Any chance to see further rotation of your portfolio in H1 2025? How is the M&A market at the moment? Are you still considering a disposal of Stahl?

Jérôme Michiels

executive
#25

While the M&A market, I think, has been a little bit shaken over the past few weeks because of the level of uncertainty and volatility. So I think everyone is waiting to see how the tariff war unwinds or how it will be implemented. But the fundamentals are still there in terms of the funding, the financing, and albeit the cash sitting at investors. If you look at IK, for instance, they have a very high level of dry powder and all companies have also very good levels of cash flow and low levels of leverage, which is a good -- which is conducive to the M&A market.

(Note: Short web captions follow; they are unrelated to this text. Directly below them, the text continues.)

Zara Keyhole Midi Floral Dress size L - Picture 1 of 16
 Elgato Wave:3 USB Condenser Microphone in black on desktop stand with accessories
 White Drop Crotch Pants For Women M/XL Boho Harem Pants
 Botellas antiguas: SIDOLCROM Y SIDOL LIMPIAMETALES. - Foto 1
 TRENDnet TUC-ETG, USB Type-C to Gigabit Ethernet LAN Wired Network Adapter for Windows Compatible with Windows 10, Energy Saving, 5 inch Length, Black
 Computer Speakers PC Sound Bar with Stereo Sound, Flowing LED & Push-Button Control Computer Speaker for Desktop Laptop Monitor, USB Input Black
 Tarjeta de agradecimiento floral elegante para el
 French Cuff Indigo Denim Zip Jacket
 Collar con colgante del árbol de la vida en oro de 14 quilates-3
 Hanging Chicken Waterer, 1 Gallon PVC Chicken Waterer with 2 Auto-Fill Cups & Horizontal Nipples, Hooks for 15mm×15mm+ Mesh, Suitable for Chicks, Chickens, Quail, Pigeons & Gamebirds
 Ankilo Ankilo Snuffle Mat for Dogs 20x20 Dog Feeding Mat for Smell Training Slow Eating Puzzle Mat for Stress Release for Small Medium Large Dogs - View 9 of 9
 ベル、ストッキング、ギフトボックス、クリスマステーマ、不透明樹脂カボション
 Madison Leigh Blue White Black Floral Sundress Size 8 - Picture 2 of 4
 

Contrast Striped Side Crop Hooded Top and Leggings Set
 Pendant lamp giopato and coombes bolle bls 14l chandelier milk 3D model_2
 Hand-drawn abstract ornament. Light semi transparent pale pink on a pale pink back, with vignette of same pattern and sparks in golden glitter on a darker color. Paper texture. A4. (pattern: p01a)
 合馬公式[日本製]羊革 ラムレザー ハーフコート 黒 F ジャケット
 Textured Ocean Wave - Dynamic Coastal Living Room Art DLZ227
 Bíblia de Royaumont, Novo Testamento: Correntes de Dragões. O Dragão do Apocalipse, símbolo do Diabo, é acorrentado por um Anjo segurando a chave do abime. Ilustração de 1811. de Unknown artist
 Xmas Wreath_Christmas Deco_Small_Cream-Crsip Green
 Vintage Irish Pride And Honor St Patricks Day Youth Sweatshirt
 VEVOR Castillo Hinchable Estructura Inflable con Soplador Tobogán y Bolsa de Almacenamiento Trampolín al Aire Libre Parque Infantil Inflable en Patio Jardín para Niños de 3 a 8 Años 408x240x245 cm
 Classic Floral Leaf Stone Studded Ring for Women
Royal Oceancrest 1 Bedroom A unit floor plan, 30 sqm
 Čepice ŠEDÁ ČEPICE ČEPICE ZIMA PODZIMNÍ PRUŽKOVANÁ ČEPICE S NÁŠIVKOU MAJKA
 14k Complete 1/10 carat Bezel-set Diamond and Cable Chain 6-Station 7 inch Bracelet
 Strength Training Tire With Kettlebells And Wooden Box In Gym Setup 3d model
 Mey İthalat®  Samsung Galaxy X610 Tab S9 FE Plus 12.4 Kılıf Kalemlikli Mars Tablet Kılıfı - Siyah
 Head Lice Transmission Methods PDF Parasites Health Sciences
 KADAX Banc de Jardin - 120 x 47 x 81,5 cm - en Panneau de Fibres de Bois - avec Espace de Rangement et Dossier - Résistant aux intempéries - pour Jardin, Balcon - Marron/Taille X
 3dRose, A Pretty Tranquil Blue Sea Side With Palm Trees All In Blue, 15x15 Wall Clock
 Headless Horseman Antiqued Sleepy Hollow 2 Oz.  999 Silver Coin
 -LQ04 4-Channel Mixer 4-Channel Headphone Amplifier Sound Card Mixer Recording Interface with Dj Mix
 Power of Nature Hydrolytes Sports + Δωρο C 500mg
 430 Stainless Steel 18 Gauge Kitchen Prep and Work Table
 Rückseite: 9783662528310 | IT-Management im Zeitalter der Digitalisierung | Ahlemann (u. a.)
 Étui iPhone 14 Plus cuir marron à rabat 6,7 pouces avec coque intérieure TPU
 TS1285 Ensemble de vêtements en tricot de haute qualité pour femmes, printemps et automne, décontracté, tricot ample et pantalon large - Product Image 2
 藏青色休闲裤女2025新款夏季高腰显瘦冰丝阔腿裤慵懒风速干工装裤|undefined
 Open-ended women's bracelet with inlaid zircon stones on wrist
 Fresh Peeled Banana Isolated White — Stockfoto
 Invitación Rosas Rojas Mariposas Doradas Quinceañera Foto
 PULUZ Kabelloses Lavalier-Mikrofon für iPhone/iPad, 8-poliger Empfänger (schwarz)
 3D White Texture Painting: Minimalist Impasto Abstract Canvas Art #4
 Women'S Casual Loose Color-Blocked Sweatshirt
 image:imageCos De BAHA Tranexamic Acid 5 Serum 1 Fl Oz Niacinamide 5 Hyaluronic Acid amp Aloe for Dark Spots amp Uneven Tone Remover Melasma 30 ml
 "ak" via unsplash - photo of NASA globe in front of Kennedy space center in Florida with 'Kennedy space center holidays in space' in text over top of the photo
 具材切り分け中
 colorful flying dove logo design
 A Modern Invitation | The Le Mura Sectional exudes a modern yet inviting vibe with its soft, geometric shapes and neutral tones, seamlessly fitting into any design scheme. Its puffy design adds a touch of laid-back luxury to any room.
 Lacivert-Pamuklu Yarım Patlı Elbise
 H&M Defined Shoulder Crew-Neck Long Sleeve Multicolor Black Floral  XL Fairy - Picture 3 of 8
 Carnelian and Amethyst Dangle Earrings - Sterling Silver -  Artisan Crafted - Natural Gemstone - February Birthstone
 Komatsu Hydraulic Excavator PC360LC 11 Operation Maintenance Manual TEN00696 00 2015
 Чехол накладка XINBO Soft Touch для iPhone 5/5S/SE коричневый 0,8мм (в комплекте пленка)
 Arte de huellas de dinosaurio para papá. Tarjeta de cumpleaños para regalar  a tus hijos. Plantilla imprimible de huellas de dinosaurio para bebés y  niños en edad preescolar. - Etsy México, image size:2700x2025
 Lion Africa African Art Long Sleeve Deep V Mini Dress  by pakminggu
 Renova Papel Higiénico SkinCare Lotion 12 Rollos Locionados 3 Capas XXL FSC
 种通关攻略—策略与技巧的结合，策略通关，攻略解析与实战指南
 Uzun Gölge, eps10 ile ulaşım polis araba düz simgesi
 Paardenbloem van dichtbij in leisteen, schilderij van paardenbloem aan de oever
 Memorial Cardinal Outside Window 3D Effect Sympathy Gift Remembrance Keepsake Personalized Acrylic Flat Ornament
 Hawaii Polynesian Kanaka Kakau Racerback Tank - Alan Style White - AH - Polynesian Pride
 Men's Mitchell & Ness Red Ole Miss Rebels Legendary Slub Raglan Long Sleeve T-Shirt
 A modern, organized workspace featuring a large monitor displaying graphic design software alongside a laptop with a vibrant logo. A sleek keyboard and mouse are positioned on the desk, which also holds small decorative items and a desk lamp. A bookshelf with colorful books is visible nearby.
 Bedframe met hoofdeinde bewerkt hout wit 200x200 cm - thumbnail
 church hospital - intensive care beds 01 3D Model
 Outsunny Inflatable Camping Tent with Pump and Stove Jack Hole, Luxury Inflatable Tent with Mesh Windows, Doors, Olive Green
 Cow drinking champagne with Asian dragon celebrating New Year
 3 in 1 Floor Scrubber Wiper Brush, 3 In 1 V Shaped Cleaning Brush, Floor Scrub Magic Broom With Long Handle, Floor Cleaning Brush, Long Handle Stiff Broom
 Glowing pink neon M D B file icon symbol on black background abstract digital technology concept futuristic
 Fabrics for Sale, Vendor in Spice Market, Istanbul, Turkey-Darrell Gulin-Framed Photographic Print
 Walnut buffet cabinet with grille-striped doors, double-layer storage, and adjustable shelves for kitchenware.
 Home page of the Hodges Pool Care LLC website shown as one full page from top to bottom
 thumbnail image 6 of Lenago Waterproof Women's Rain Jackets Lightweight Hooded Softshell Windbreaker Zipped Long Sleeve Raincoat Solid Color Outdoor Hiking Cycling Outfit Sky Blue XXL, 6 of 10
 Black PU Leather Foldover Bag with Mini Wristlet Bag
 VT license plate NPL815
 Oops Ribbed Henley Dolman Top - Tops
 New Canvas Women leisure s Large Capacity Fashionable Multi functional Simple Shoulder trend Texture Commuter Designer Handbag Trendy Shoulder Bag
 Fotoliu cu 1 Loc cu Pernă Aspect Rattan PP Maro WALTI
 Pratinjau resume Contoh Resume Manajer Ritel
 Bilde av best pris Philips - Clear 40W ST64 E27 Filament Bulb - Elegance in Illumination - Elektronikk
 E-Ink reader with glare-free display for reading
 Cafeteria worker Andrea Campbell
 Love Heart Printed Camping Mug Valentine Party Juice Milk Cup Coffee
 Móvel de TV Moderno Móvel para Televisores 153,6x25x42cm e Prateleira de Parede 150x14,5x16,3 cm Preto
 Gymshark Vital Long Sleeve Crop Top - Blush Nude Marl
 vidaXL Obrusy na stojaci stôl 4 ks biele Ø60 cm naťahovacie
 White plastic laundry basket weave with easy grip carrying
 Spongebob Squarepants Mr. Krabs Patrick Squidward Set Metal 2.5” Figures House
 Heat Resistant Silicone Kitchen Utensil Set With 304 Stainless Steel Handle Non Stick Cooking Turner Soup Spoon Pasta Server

So while we don't have any plans to rotate any company, but we will -- we are constantly monitoring and we'll see, as I said, if we need to generate more liquidity from the principal investment side in due course, and we'll monitor the situation, but we have no specific plans right now.

Olivier Allot

executive
#26

Can we have an update on the Wendel Growth? How is it performing?

Jérôme Michiels

executive
#27

Well, the Wendel Growth is companies. We have 2 different legs. Here, we have the direct investments and the indirect investments. In terms of direct investment, we've recently invested in a follow-up round at one of our companies. The development in our portfolio is very good. Our companies are performing well. So we are quite happy about this. And in terms of our indirect exposure, which is fund investment in funds, we've seen little movement. It's fair to say that the level of liquidity has been pretty low and the level of new capital being called has also been lower than previous years. But it's, I think, reflecting the state of our portfolio that we've carefully constituted over the past few years. So we have been called for the most part and expect now that capital calls will slow down, whilst the distribution will gradually accelerate as the companies that are in the funds we've invested with will be sold or will list at some point. But I think the state of the IPO market is not excellent at this point in time, which results in low liquidity. It doesn't mean that the companies are not performing well because what we are seeing is that the performance is still good. But in terms of change there, we don't expect much neither on the capital call side nor on the distribution side.

Olivier Allot

executive
#28

Tarkett Participation raised its buyout offer price to EUR 17 per share. Will this transaction create liquidity for Wendel or will its position move to an unlisted holding?

Jérôme Michiels

executive
#29

The latter. This will result in Tarkett being delisted, but Wendel will not get any liquidity from that. It's just that the people who are still shareholders of Tarkett are going to be bought out for EUR 17 per share, resulting in the company being 100% private.

Olivier Allot

executive
#30

Can you remind us what is the maximum earn-out for Monroe and based on what targets?

Benoit Drillaud

executive
#31

The maximum earnout for Monroe is $255 million, and it's based on the achievement of the business plan in 2027.

Olivier Allot

executive
#32

Thank you. The very last question. In the press release, you say that IK concluded 2 disposals. Can you disclose the IRR generated?

Jérôme Michiels

executive
#33

No, but the IRRs were good, but I can't disclose them individually.

Olivier Allot

executive
#34

Thank you. We have no more questions on the web. Operator, do you have a question by phone?

Operator

operator
#35

There are no further questions from the phone lines.

Jérôme Michiels

executive
#36

Thank you very much. This concludes our trading update. Thank you very much. And we -- our next event is our AGM on May 15 and then our H1 results that we will publish on the 30th of July. Thank you very much.